Phew... blogged for a long time... but its ok.. i cant surpress everything in me... but i still need to find someone whom I can trust to listen to my thoughts.. as what he said to me... zz... k.. i shall end here.. thank you for your kind attention.. lol byebye

word count : 2238 words O.o

sharkfin fullstopped here

6:23 PM

Sunday, January 11, 2004

Haiz...

in a very bad mood now... after knowing that my kaponess has gotten me into some sort of trouble... i am not going to mention abt it anymore.. there is nothing i can do but just change my bad habit... but is all too late... things have been done.. i can only apologise... to be forgiven or not to be forgiven.. that is not what i can decide... what i only hope now is to let this event pass quietly... but i dun think that will be the case... someone has lost trust in me... that is the wrost... i wonder... is it going to collapse just because of this.. i couldnt imaging... i couldnt do much to regain my trustworth... especially when u have already lost it... i dunno... why am i being to extra and tell someone abt it... i am just getting myself into trouble... now i am in it... serve myself right.. i really regret it now... regretted it awfully... why am i so stupid and tell it to someone else... who has no concern abt it at all... WHY?! this isnt the first time... forget it.. what i wan to do is just kick this habit.. that is all... bye

lets hope i am better when i am in school tomoro

sharkfin fullstopped here

5:03 PM

Thursday, January 08, 2004

hi... thinking of blogging all of a sudden.. lol

today is thursday... very sian during the recesses.. nothing to do except eating... monday to wed and fri will go round the school with yingqun and lekchia but now there is nothing to do at all.. can only just walk pass their classes... sian... but today is over... and is over...

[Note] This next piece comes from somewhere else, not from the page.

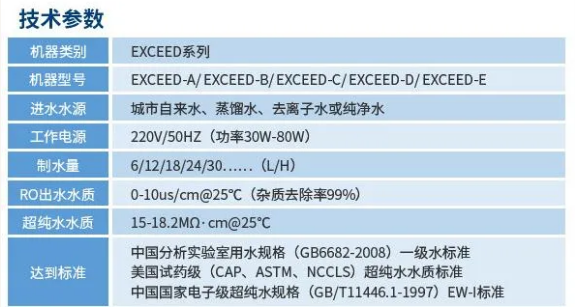 純水新裝丨大連某化工單位引入艾柯超純水機(jī)，賦能科研創(chuàng)新與品質(zhì)保障！插圖6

its been a week since i have been in 3K.... honestly.. i dun hate this class as much as yingqun does... yesterday shiehls also got talk to me... den i got tok to her abt having friends in other classes... she just told me to adapt and make new friends.... but its hard... its been 2 years in 2K and now we are separated... we finally getting to know more abt other people but now we are separated... why is there such a thing called streaming... everyone study bio lah... CHS ppl all so clever study lor.. why must have a standard of 2.5 where other schools only need to have A2 for science and maths... dun care lah.. anyway now i in non-bio class... dun tok so much... i not in bio.. but i want to go... appeal no use... so in 3K lor... for me... its still okok... though dunno who are sitting around me... at least they still got tok to me... den i try to tok to them.. but so embarrassed... plus i always stammer when nervous... for sure they laughing at me... haiz... but overall grading for 3K... 3.5/5...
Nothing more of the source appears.